*** Information shown ***

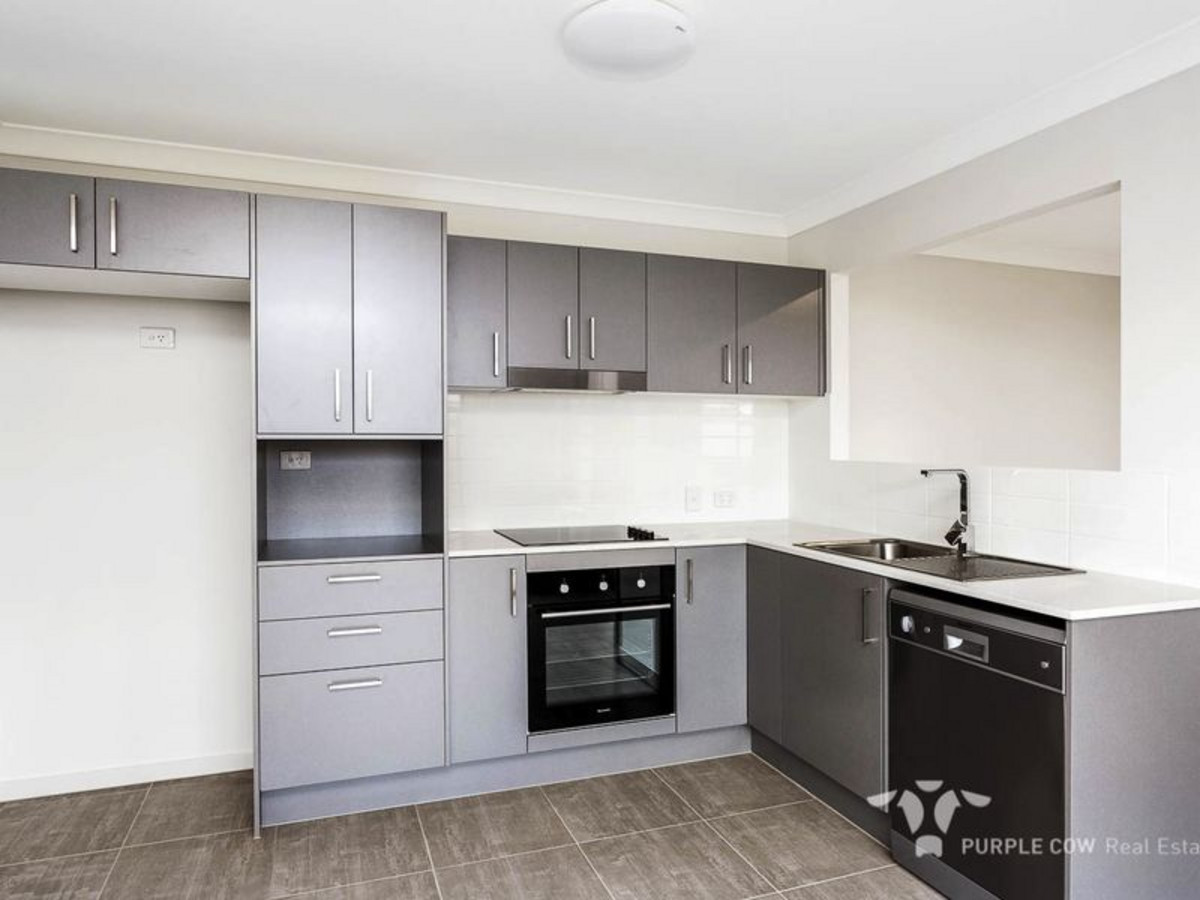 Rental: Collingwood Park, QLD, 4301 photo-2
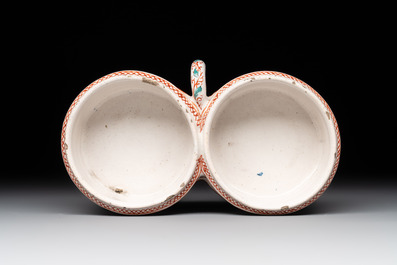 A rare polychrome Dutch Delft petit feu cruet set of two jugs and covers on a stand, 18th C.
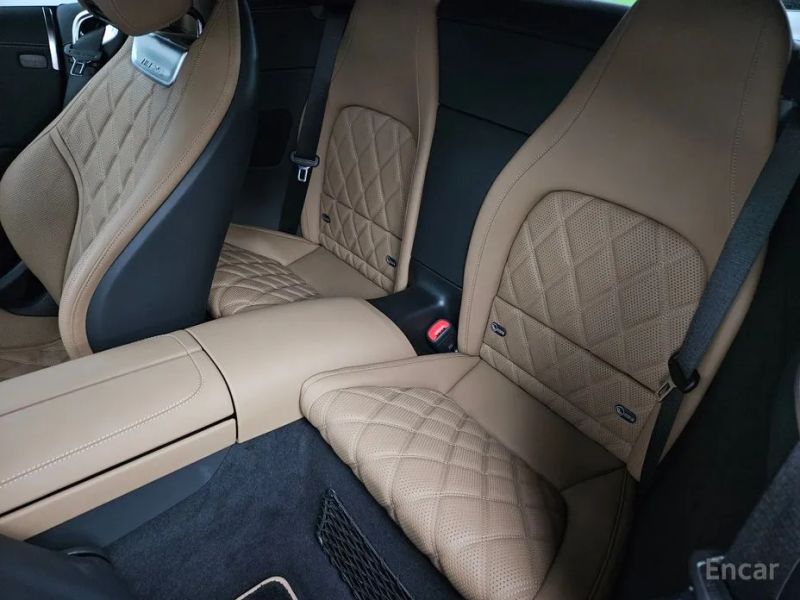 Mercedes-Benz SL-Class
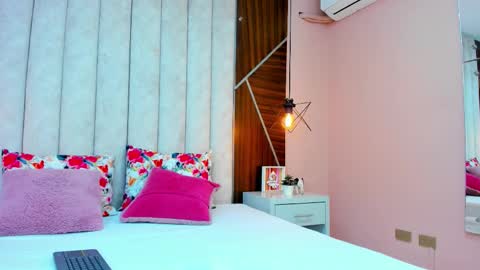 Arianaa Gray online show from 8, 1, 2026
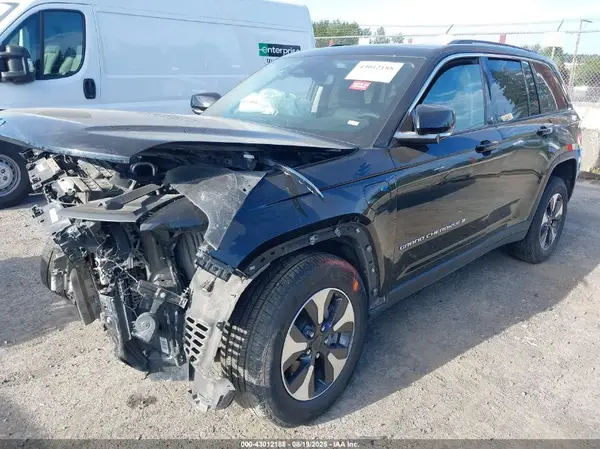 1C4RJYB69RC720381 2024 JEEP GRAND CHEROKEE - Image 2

***
*** Information shown ***

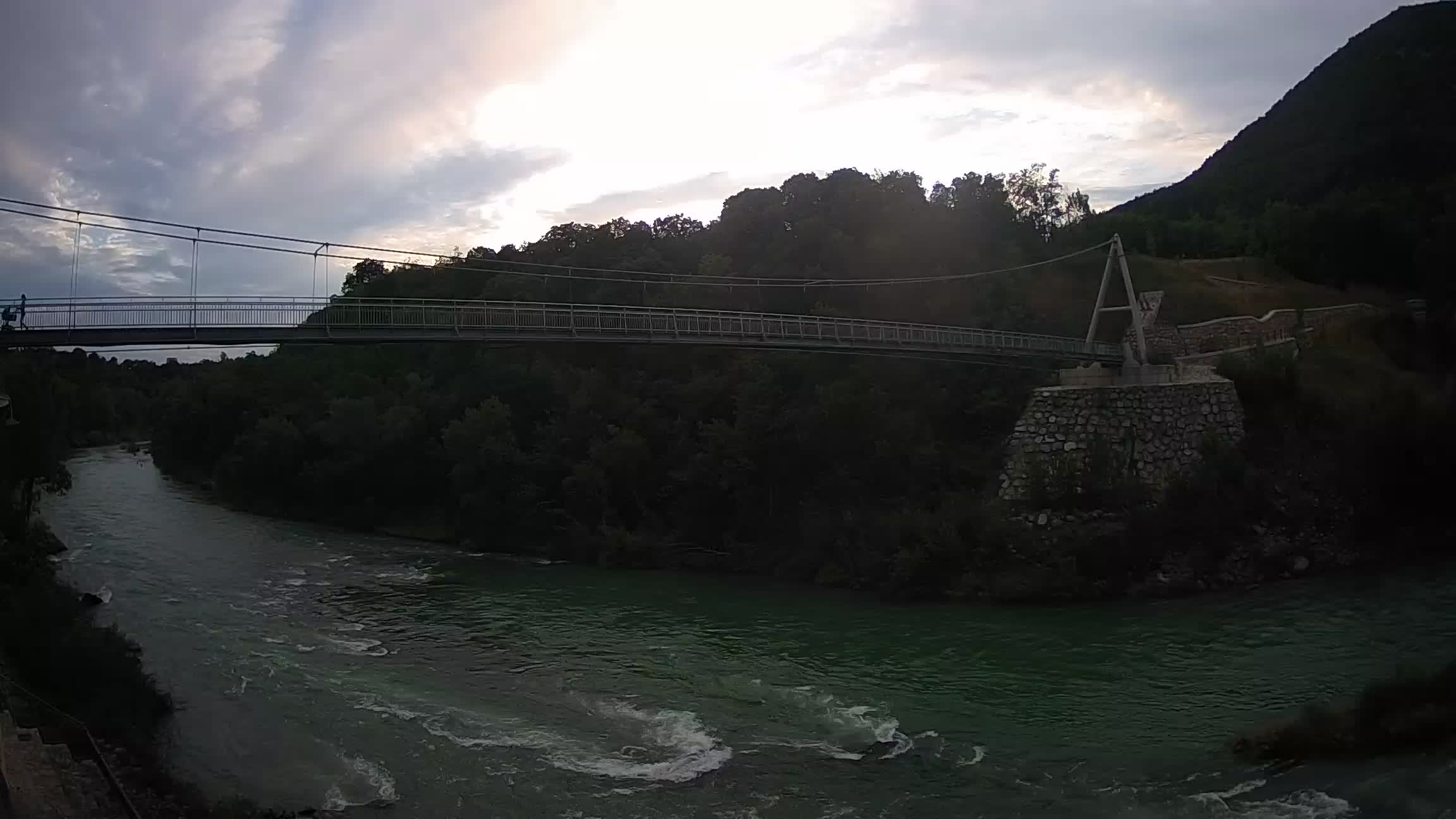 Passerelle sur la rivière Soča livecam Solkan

***

Work from the entries above. Set down exactly and only the lines from the line with "Rental: Collingwood Park, QLD, 4301 photo-2" to the line with "1C4RJYB69RC720381 2024 JEEP", both included, and leave the pictures out.

 Rental: Collingwood Park, QLD, 4301 photo-2
 A rare polychrome Dutch Delft petit feu cruet set of two jugs and covers on a stand, 18th C.
 Mercedes-Benz SL-Class
 Arianaa Gray online show from 8, 1, 2026
 1C4RJYB69RC720381 2024 JEEP GRAND CHEROKEE - Image 2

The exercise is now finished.